OMAHA — The college baseball world will get a rare treat this week, when Arkansas faces off against Oregon State in the CWS Finals. Very seldom are the final two teams standing also the “best” two teams in college baseball; as coaches always say, it’s typically the hottest team that wins it all, not the best. After all, the No. 1 national seed still hasn’t won the national title since 1999, the first year of the 64-team era.
The No. 1 national seed won’t win it all this year either, because fifth-seeded Arkansas knocked off the Gators in the national semifinals. And seeds notwithstanding, we have regarded Arkansas, Oregon State and Florida as college baseball’s three most talented, most complete clubs almost all season long. They were three of the top four teams in our Preseason Top 25, and all three spent nearly the entire season in the top five of the rankings.
Heading into the NCAA tournament and Omaha, we regarded them as “tri-favorites” to win the national title.
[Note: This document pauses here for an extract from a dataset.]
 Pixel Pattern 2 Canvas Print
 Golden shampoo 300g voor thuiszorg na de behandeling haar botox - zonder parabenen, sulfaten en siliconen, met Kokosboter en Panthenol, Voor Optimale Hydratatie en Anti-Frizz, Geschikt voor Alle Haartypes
You didn’t have to be a rocket scientist to recognize that Florida and Oregon State were two of the nation’s very best clubs. The Gators were the defending national champions, a team with a trio of first-round picks, including two in the rotation. Oregon State went 56-6 last year, then 44-10-1 in the regular-season this year, and features three first-rounders in its starting lineup, along with a slam-dunk 2019 first-rounder in sophomore catcher Adley Rutschman. I wrote glowingly about the “Beaver buzzsaw” after watching OSU blitz eventual Pac-12 champion Stanford in May; it couldn’t have been more obvious that Oregon State was a mighty juggernaut, just as formidable as the Gators.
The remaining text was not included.